As once 7 walls breaches have occurred all players lose the game as China has become overrun, the morality of whether a players should deliberately seek to have 7 walls breaches so as to the deny the other player the win came up. It does remind me of a similar thing in the Avalon Hill Game ‘Republic of Rome’, whereby players can deliberately let the republic fall if another is about to win. My view, assuming you take the historical context, is that it is in your interest for China (or Rome) to survive even if you are not the pre-eminent power. ( Do you really think John Kerry is going to help al-Qaeda overthrow the United States of America just because George won the elections?).

With the board being crowded and hadn’t really been to bothered about the expansion of the other players, I was pretty certain my western village/city had access to build another 2 towns in the nearby mountains, so I concentrated on just upgrading those initial 3 ( and eventually 4 villages that I had ).

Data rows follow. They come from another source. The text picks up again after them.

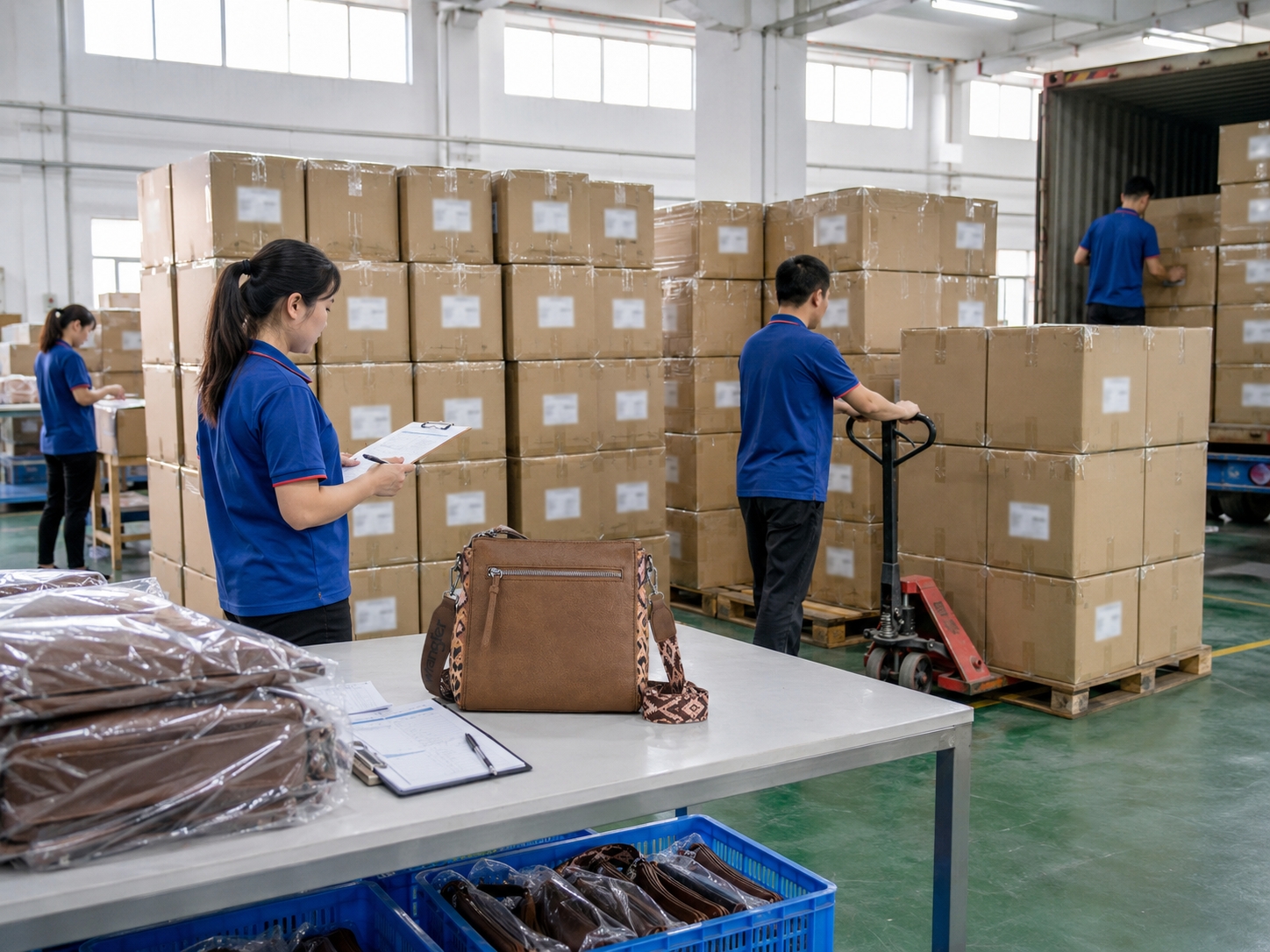 Shipment Ready Dispatch Area Shipment ready dispatch area showing Wrangler Aztec Crossbody Purse cartons prepared for delivery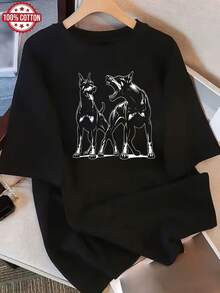 Camiseta de Mujer: Camiseta de Verano Moderna de Algodón Puro, Cuello Redondo Holgado, Ropa Versátil para Mujer, Camiseta Casual Cómoda para Adolescentes, Tops de Manga Corta Vibrantes y Juveniles para Uso Diario. - Negro - Ver 1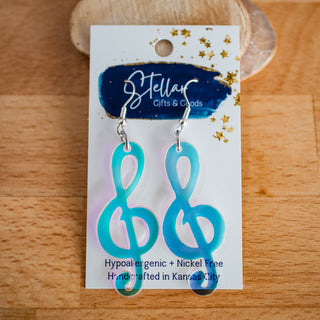 Holographic Treble Clef Dangles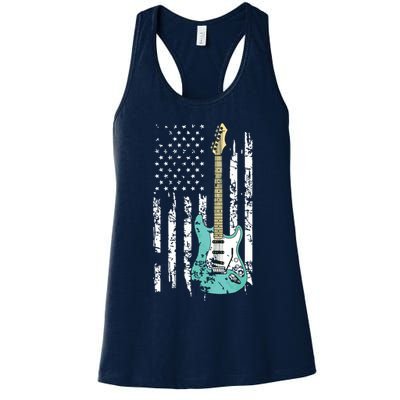 Vintage Guitar American US Flag Womens Tank Top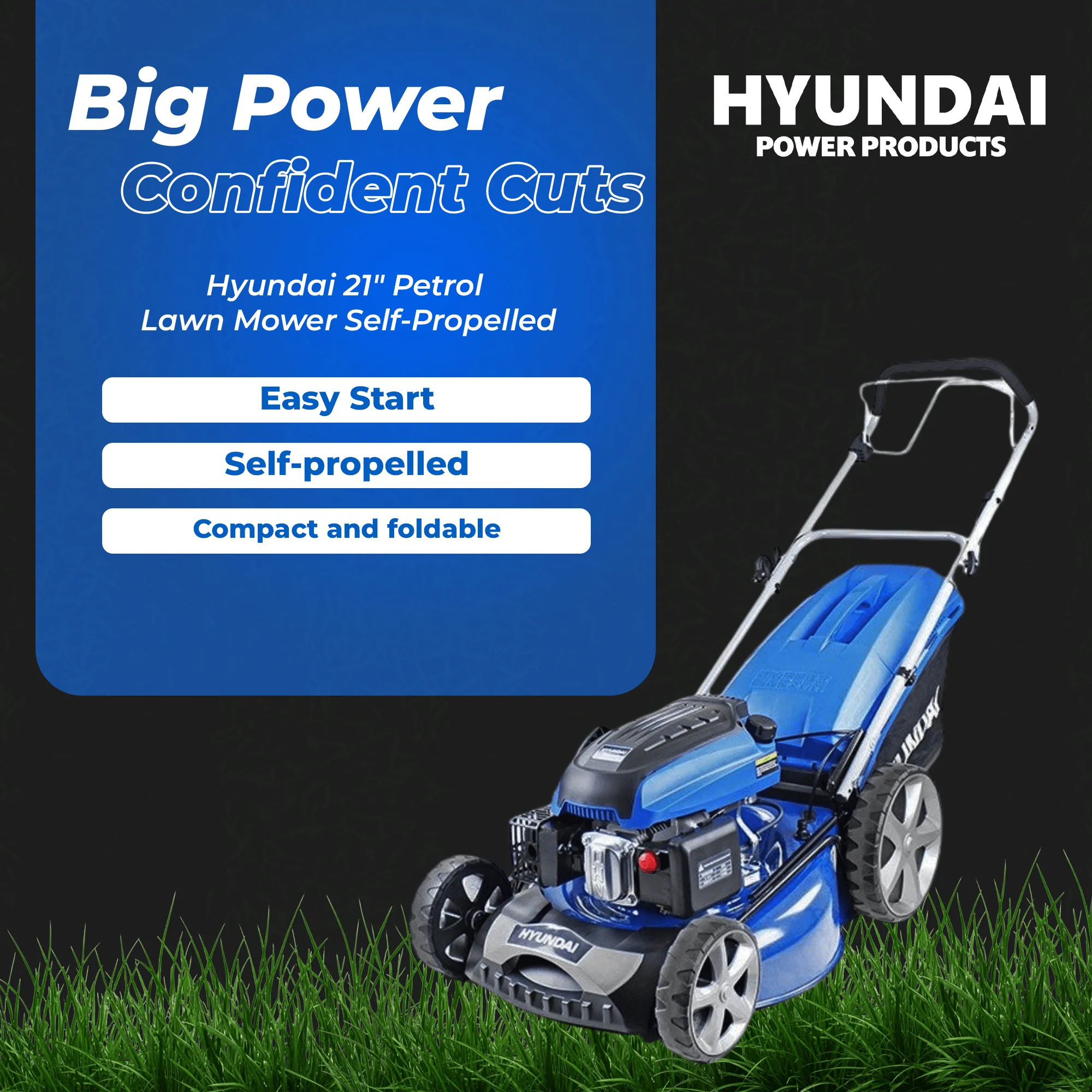 Hyundai 21" Petrol Lawn Mower Self-Propelled – 196cc Engine, Steel Deck, Easy Start, OPC Safety (HYM530SP) - Image 6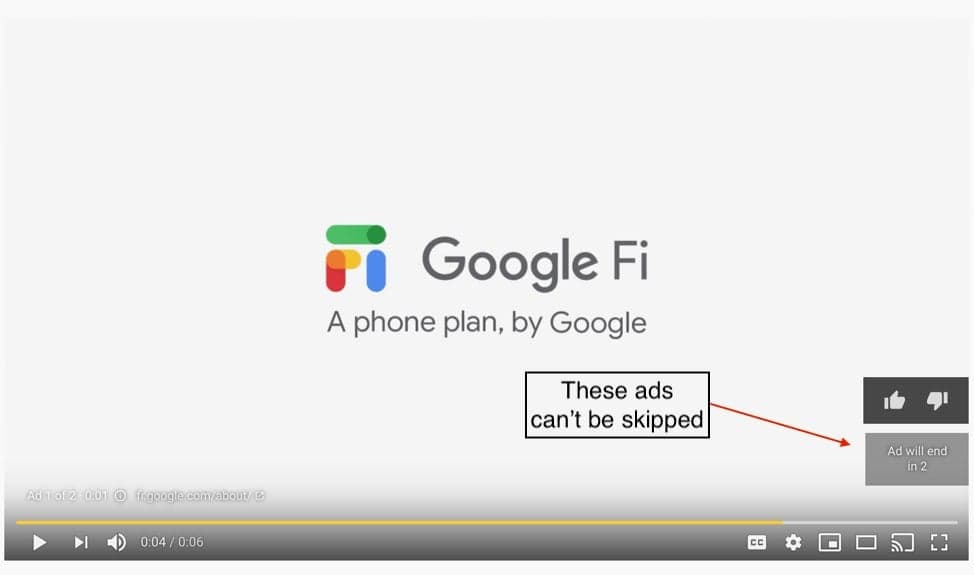 Google Fi phone plan advertisement with unskippable video ads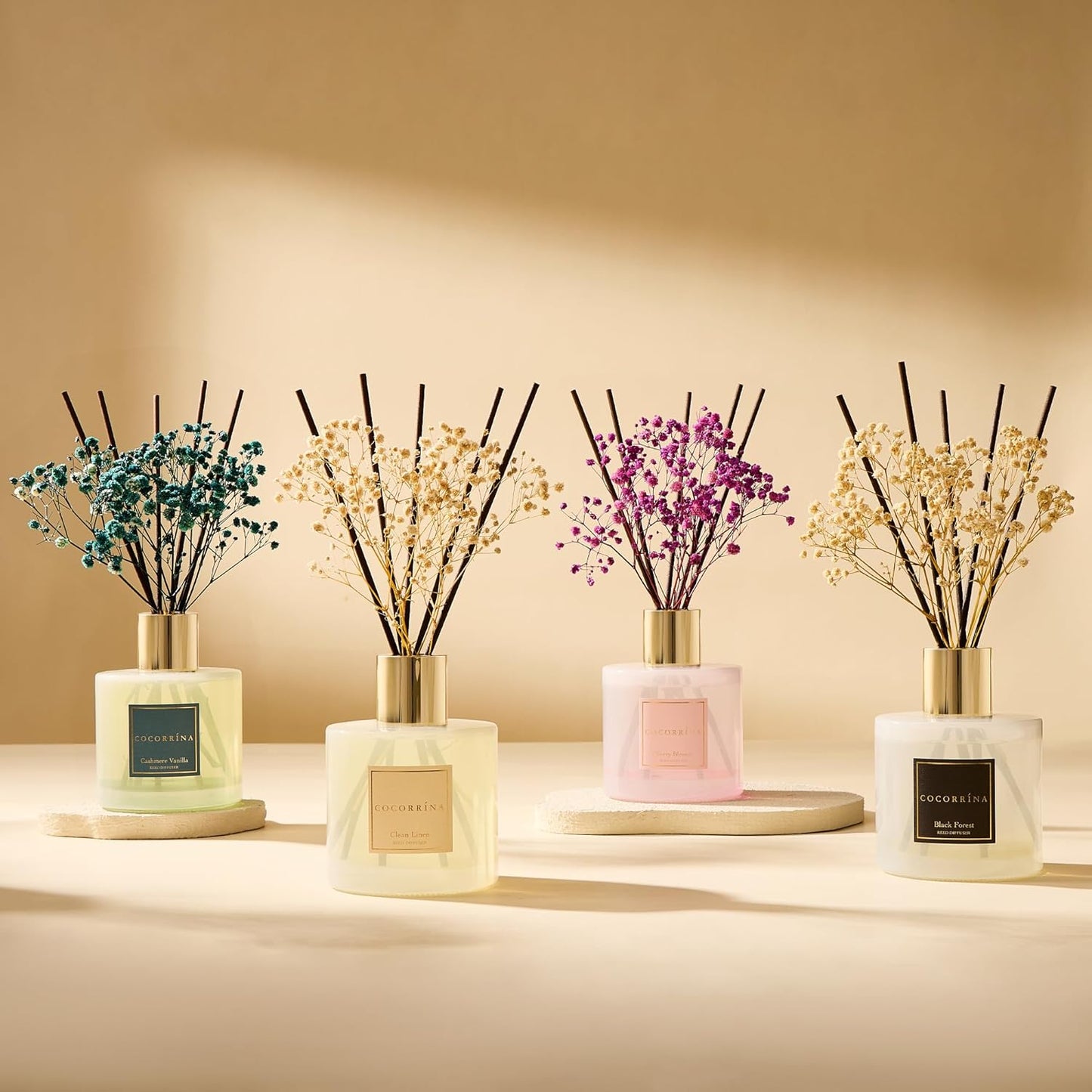 COCORRÍNA Reed Diffuser Set, Clean Linen Scented Diffuser with Sticks Home Fragrance Reed Diffuser for Bathroom Shelf Decor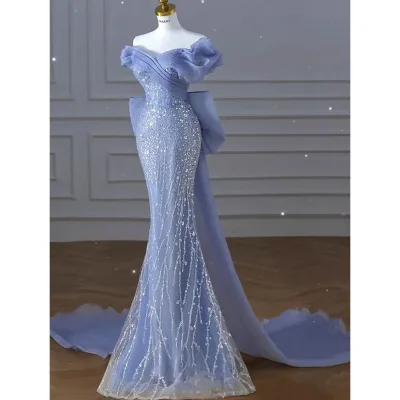 Elegant Mermaid Short Sleeve Floor Length With Bowtie Dress Fishtail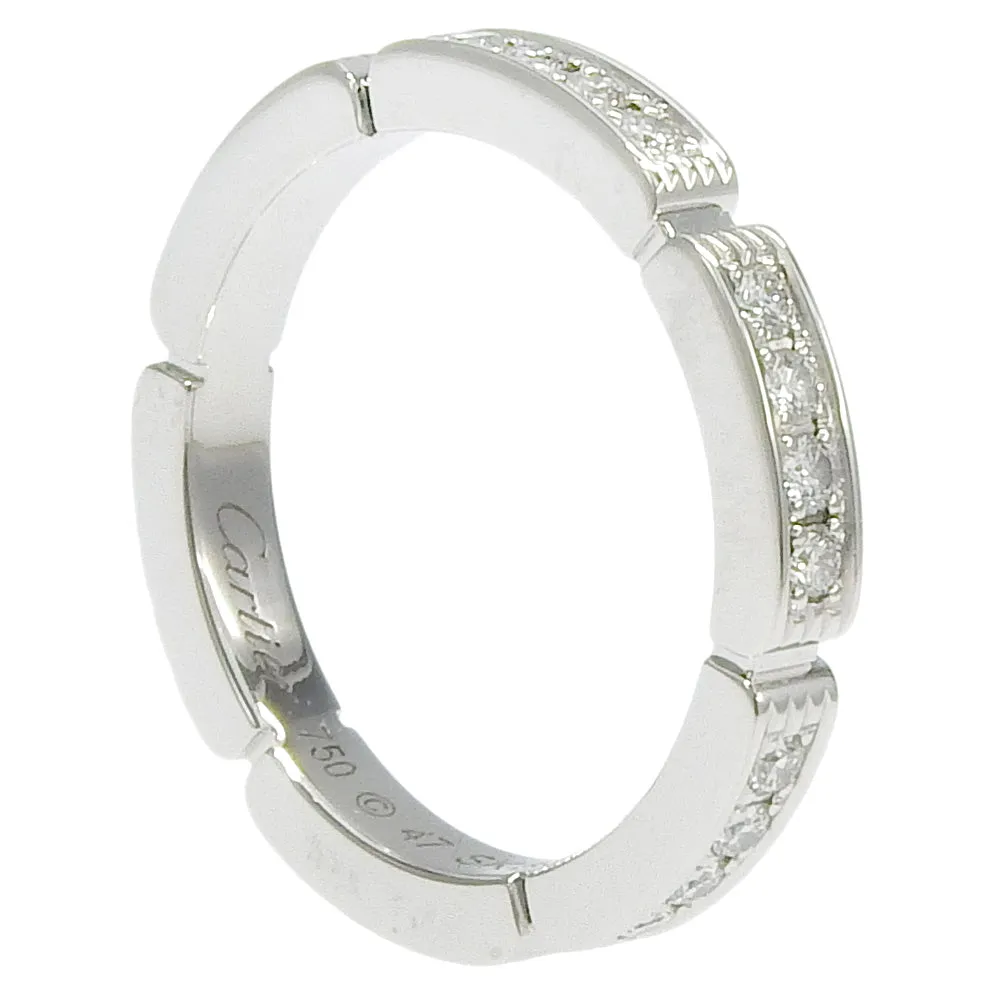 CARTIER Ring K18 White Gold, Diamond White gold Mailon PANTHERE full diamond Women 47 Used Authentic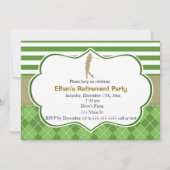 Invitation Or vert de golf d'invitation de partie de retraite (Devant)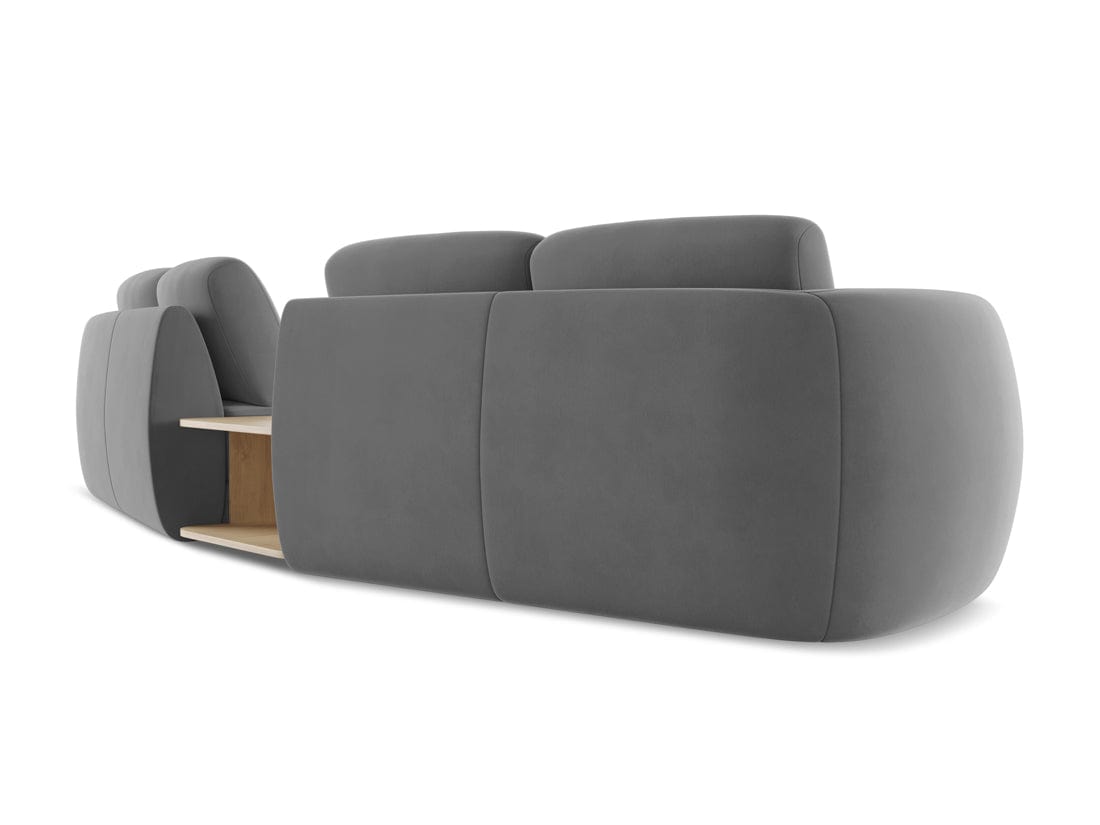 Makamii Canapea Fixa, 4 locuri, Tapitata cu Stofa si Masa de cafea Inclusa, Kiana Velvet 4S-C4 Gri / Negru, l310xA104xH85 cm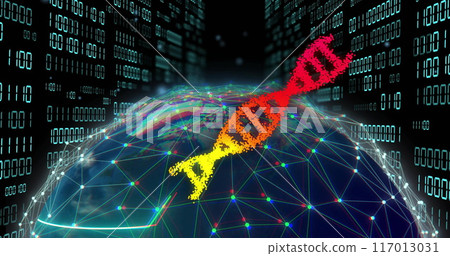 Image of dna strands over globe of connections and data processing on black background 117013031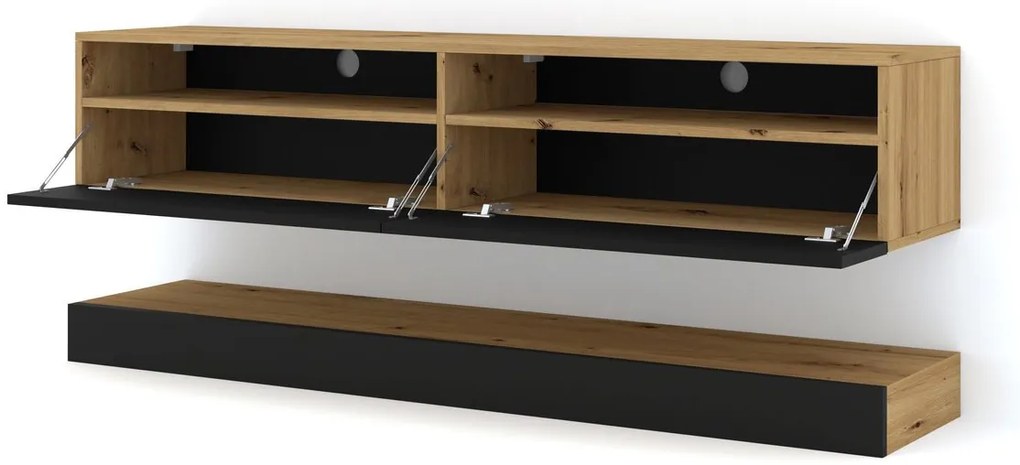 Masă TV Dual 160 (Stejar artisan + Negru). 1124831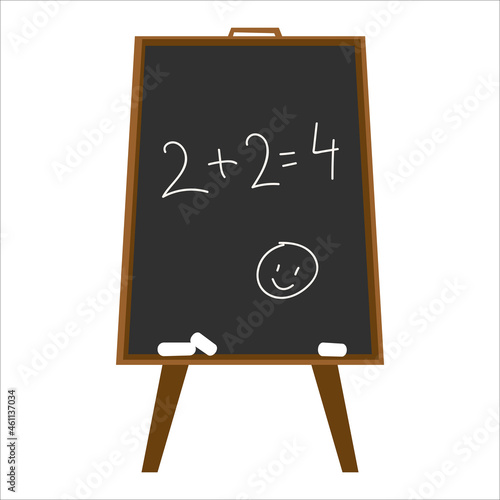 Blackboard with math lesson. Writing 2 2 in chalk on a black slate board. Vector illustration in cartoon children's style. Isolated funny clipart. Cute print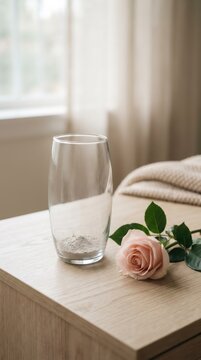 Empty glass vase with ash and pink rose on wooden table by window. Minimal home interior mourning concept. Remembrance and grief after loss, funeral sympathy background with copy space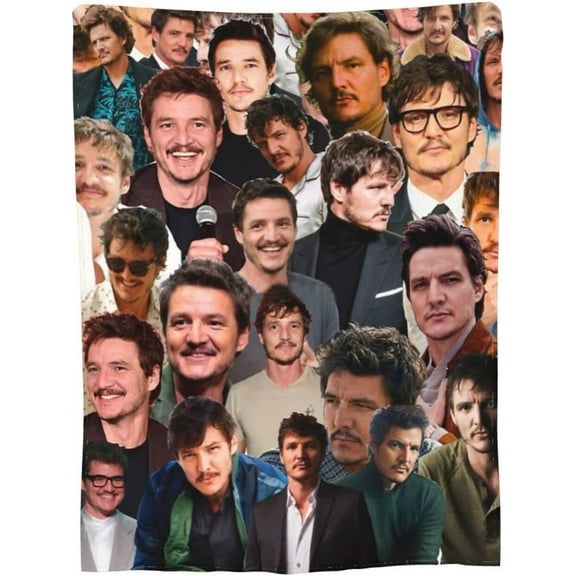 Throw Blankets Pedro Pascal Photo Collage Blanket Bedding Blankets Sofa Blankets Flannel Blankets Air Conditioning Blanket 50"X40"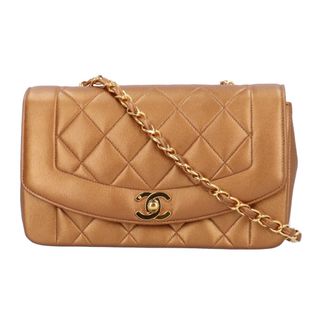 シャネル(CHANEL)のシャネル ダイアナ CCココマーク ショルダーバッグ ラムスキン ゴールド レディース CHANEL  中古(ショルダーバッグ)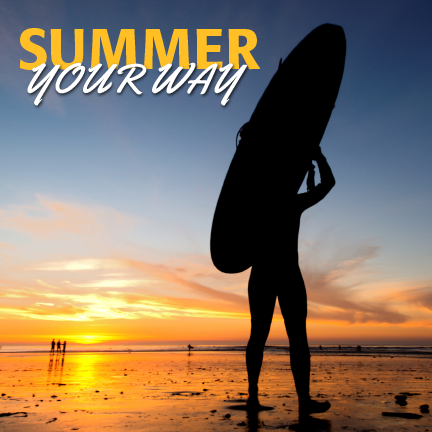 Silhouette of surfer holding a surfboard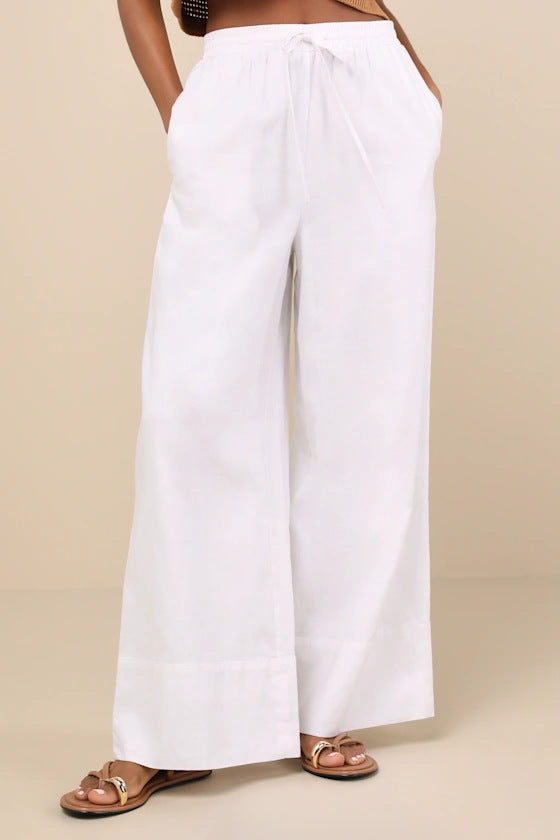 Damen Weite Leinenhose mit elastischem Bund und seitlichen Taschen Drune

A miscalculation on where I could build be 5th settlement however (I though I could build it by the western board 3:1 port hex until it was pointed out to be it was not a valid build location) meant that I was going to restricted to 8 settlement site and therefore only 8 points.

All this was rather galling as I had successfully upgraded my part of the wall to level 5 (the only player to do so) leaving my self immune to getting negative points for breaches. I had a vast hand full of cards (As Colins Picture shows) but I was unable to build anything (Except for cards – and they only gave me more knights- and Garry easily had the majority here) that might give me more points. In the end I think the only player that could get to 10 points was Natalie (who by virtue of having built the longest road had plenty of city sites to upgrade) – so we just let her get on with so that the game could finish.

However I think it was a good game with a well-deserved win for Natalie.